- 2024-02-05: First version (@melekes)
- 2024-05-28: Complete refactor (@melekes)
- 2024-06-07: Limit the scope to transaction hashing (@melekes)
- 2024-06-19: Explain why we don't expose this functionality in the CLI (@melekes)
Proposed
Hashing in CometBFT is currently implemented using crypto/tmhash
package, which itself relies on sha256
.
Among the things which are hashed are the block's header, evidence, consensus params, commit, partset header, transactions.
The transaction hash is used by:
- the built-in transaction indexer;
- the
/tx
and/tx_search
RPC endpoints, which allow users to search for a transaction using its hash; - mempool to identify transactions.
The problem some application developers are facing is a mismatch between the internal/app representation of transactions and the one employed by CometBFT. For example, Evmos wants transactions to be hashed using the RLP.
In order to be flexible, CometBFT needs to allow changing the transaction hashing algorithm if desired by the app developers.

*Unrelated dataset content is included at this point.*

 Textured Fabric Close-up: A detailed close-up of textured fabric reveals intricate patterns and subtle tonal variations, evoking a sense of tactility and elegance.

The suggested solution could be used to change the hashing function for all structs, not just transactions. But the result of such a change is quite significant. If the chain is using a different hashing scheme, then it looses IBC-compatibility. The IBC modules assumes fixed hashing scheme. The destination chain needs to know the hashing function of the source chain in order to verify the validators hash. So, this remains a future work for now.
- Add
TxHashFunc
(transaction hashing function) toNewNode
as an option and pass this function down the stack => avoids gloval variables, but leads to a massive API breakage. The problem is we're not 100% sure this will be a final solution. So every time we decide to change it, we will be breaking tons of API. The suggested solution allows us to be more flexible. - Allow changing the hashing function for all structs => breaks IBC compatibility (see 'General hashing' above).
Give app developers a way to provide their own hash function.
Use sha256
by default, but give developers a way to change the hashing function:
import (
"crypto"
"hash"
"crypto/sha256"
)
var (
// Hash function used for transaction hashing.
txHash = crypto.SHA256
// fmtHash is a function that converts a byte slice to a string.
fmtHash = func(bz []byte) string {
return fmt.Sprintf("%X", bz)
}
)
// SetTxHash sets the hash function used for transaction hashing.
//
// Call this function before starting the node. Changing the hashing function
// after the chain has started can ONLY be done with a hard fork.
func SetTxHash(h crypto.Hash) {
txHash = h
}
// SetFmtHash sets the function used to convert a checksum to a string.
func SetFmtHash(f func([]byte) string) {
fmtHash = f
}
// Bytes is a wrapper around a byte slice that implements the fmt.Stringer.
type Bytes []byte
func (bz Bytes) String() string {
return fmtHash(bz)
}
func (bz Bytes) Bytes() []byte {
return bz
}
// Sum returns the checksum of the data as Bytes.
func Sum(bz []byte) Bytes {
return Bytes(TxHash.Hash.Sum(bz))
}
Let's break this down. By default, we use sha256
standard crypto library.
SetTxHash
allows developers to swap the default hashing function
with the hashing function of their choice. It will be used in:
- mempool;
- transaction indexer;
/tx
and/tx_search
RPC endpoints.
Note the Header's data_hash
will be different if the default hashing function
is changed.
SetFmtHash
allows developers to swap the default string function
(fmt.Sprintf("%X", bz)
) with their own implementation.
The design in the current ADR only aims to support custom hash functions, it does not support changing the hash function for an existing chain. If the application developer decides to change the default hashing scheme, they can only do so once before launching their app. If they attempt to upgrade after without a hard fork, the resulting hashes won't match. A hard fork would work.
The majority of chains should still use the default hashing function. That's
why we don't expose this functionality in the CLI or anything like that
(TxHashFunc
in NewNode
). Even though the number of chains using a different
hashing function can be significant, it's not the use-case we're optimizing
for. It's good to support it, but it's not the primary goal. Similarly, it's
good to support different p2p protocols, but we're optimizing for the default
one.
- Modular transaction hashing
- App developers need to take performance into account when choosing custom hash function.
- Global variables.